## Task objective
For the entries that follow, restate word for word the line containing "Swan Fainting Couch: Left", the line containing "Kittens11150", and every line that lies between them.

## Data provided

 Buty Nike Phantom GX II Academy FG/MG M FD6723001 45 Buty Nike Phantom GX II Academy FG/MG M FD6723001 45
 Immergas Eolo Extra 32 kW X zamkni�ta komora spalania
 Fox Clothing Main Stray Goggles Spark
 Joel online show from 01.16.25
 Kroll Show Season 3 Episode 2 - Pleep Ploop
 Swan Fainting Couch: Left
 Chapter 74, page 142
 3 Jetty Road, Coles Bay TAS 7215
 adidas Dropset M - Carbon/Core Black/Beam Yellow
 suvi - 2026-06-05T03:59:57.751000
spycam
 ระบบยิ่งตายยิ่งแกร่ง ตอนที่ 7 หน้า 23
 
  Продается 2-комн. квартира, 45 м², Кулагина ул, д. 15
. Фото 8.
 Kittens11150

...

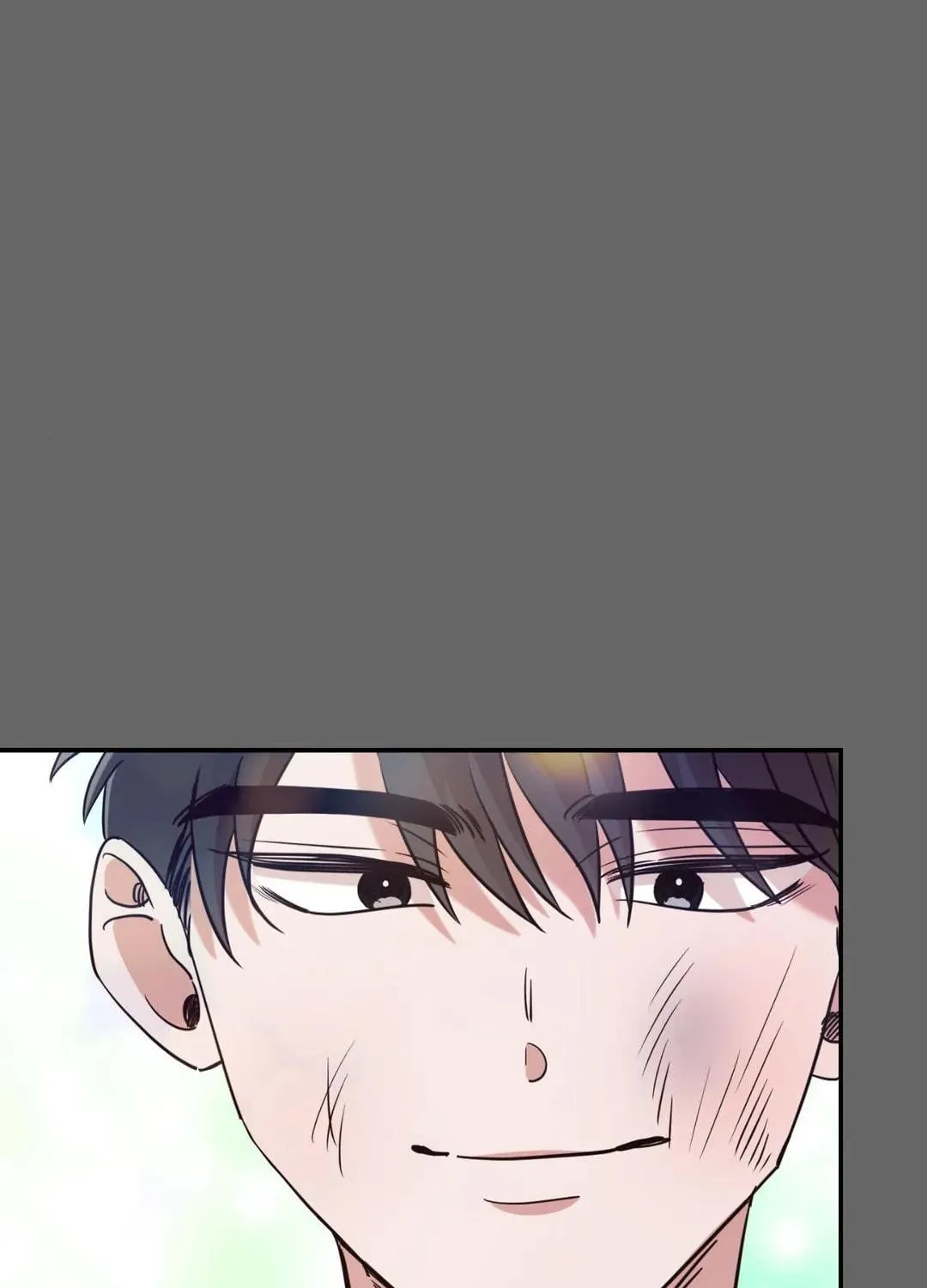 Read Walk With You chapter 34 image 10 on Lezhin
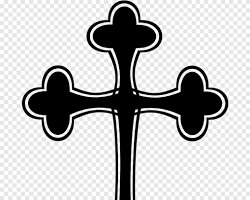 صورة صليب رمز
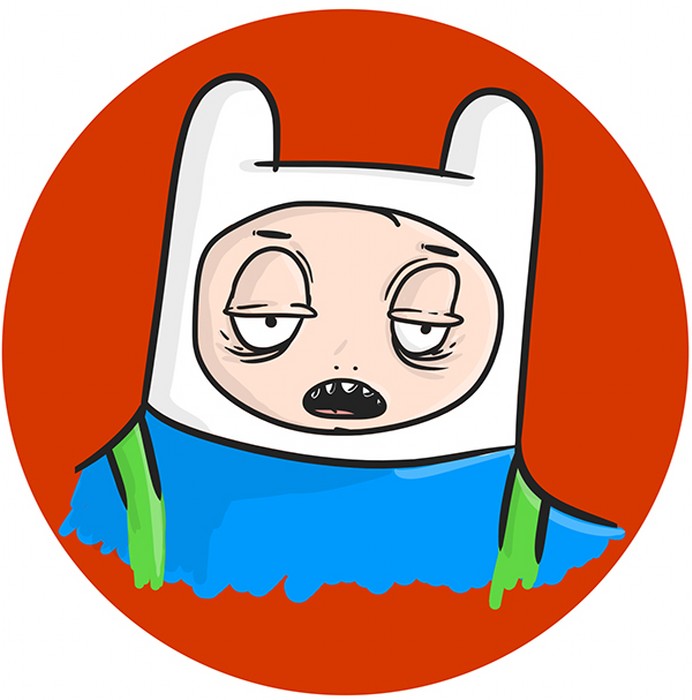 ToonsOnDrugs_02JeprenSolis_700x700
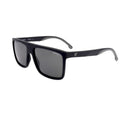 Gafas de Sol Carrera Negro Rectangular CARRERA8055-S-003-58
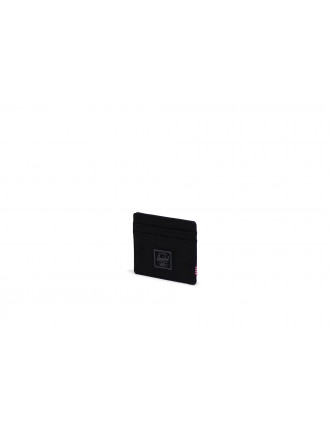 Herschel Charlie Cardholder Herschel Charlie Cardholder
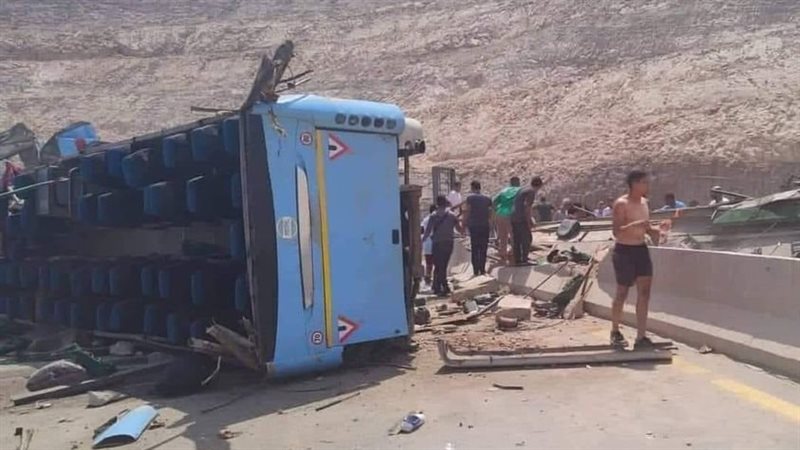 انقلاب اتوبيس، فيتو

--

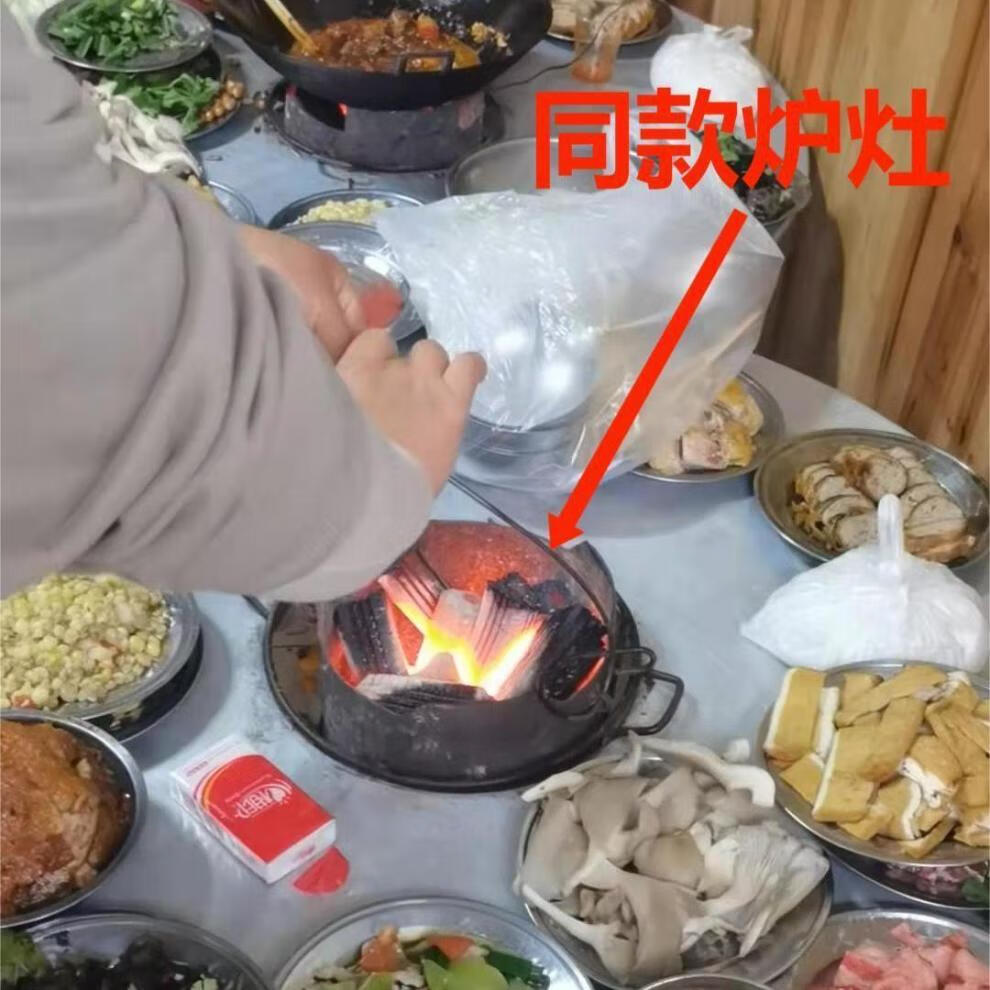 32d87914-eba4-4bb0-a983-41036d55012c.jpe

## Answer for the task
 Swan Fainting Couch: Left
 Chapter 74, page 142
 3 Jetty Road, Coles Bay TAS 7215
 adidas Dropset M - Carbon/Core Black/Beam Yellow
 suvi - 2026-06-05T03:59:57.751000
spycam
 ระบบยิ่งตายยิ่งแกร่ง ตอนที่ 7 หน้า 23
 
  Продается 2-комн. квартира, 45 м², Кулагина ул, д. 15
. Фото 8.
 Kittens11150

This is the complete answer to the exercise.